[Short web captions]
Segment Open
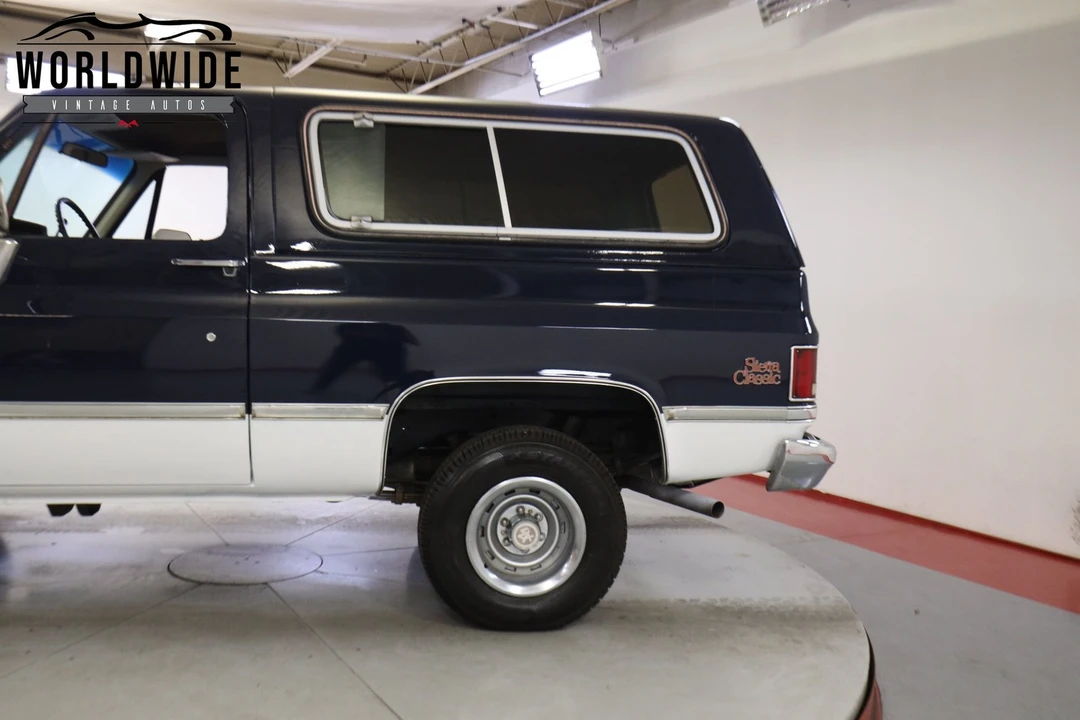 1985 GMC Jimmy 2nd Gen - Image 10 of 12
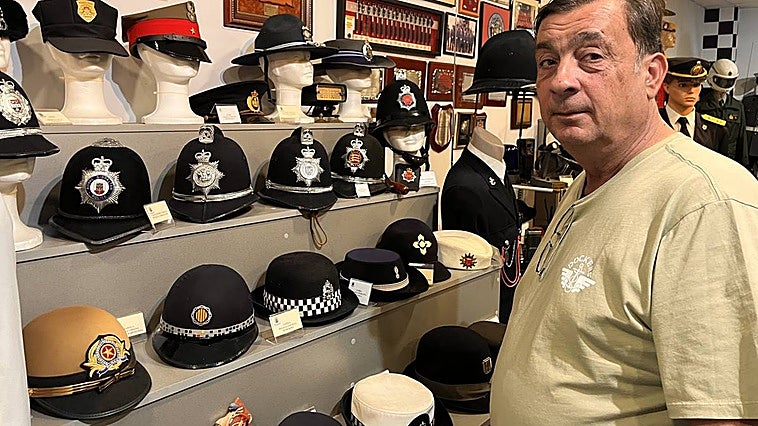 Un recorrido por las policías del mundo sin salir de la comisaría de Totana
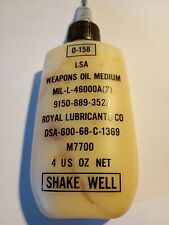 Burette d'huile pour Arme  US, Vietnam daté 1968 idéal reconstitution .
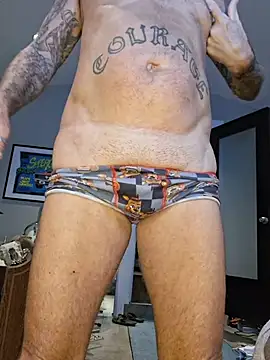 Hotbodyscottie online show from 06-25-26, 10:09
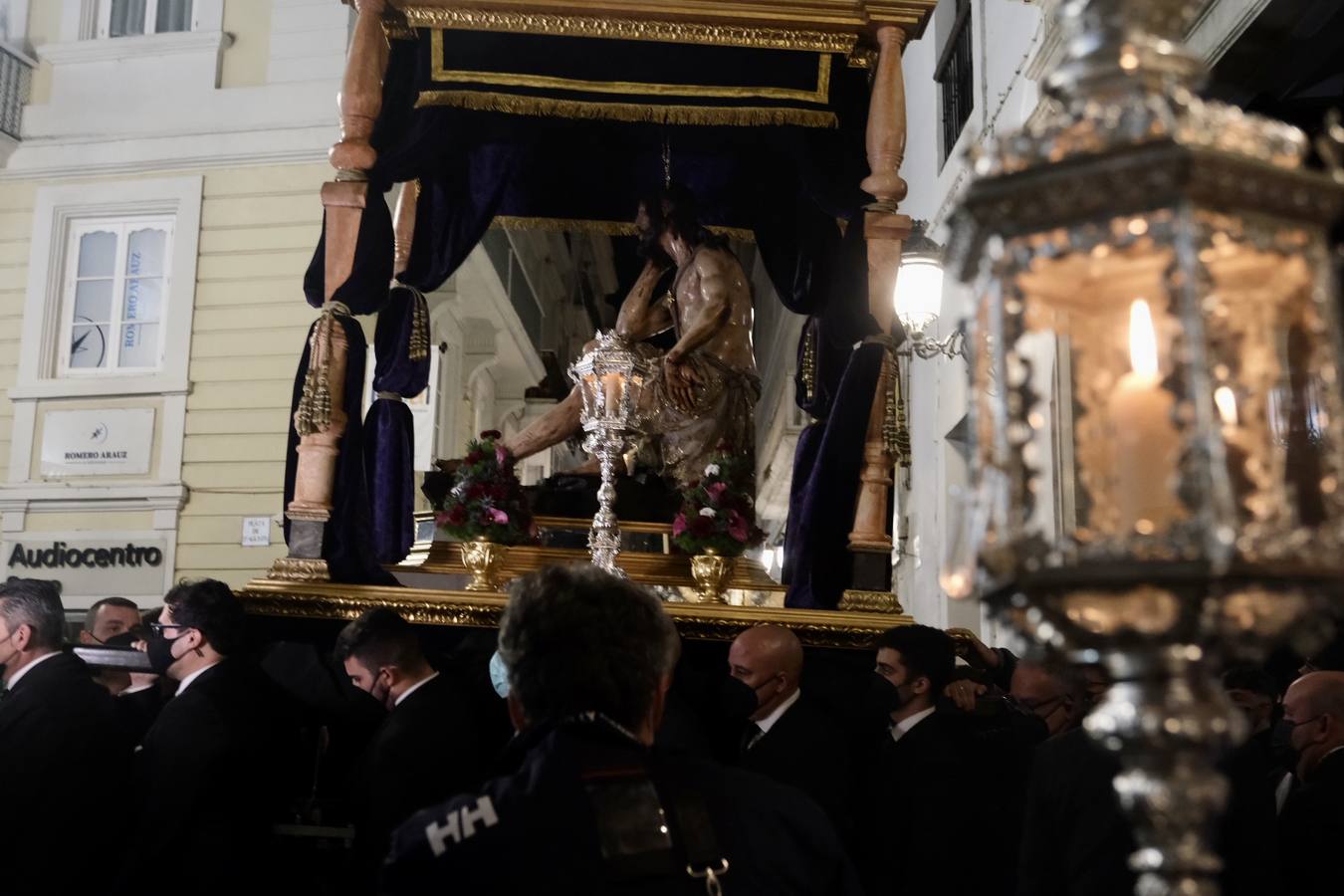 FOTOS: Vía Crucis Extraordinario de Humildad y Paciencia por las calles de Cádiz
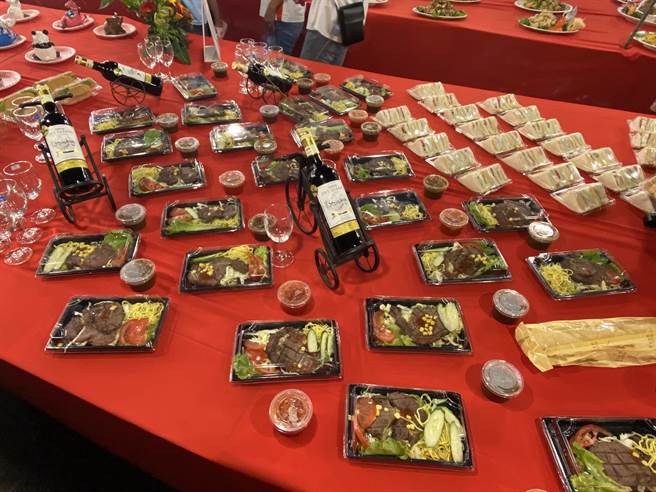 鷄笼中元祭12日晚间举行中元普度，除歷年都有的三连桌外，今年也特别提供婴儿桌，让早夭的老大公们也能享用。（张志康摄）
Segment Closed
When you reach the line containing "FOTOS: Vía Crucis" in the records above, write out that line and every line after it through the end, exactly, but omit the pictures.

- _REPLY TO THE TASK_:
 FOTOS: Vía Crucis Extraordinario de Humildad y Paciencia por las calles de Cádiz
 鷄笼中元祭12日晚间举行中元普度，除歷年都有的三连桌外，今年也特别提供婴儿桌，让早夭的老大公们也能享用。（张志康摄）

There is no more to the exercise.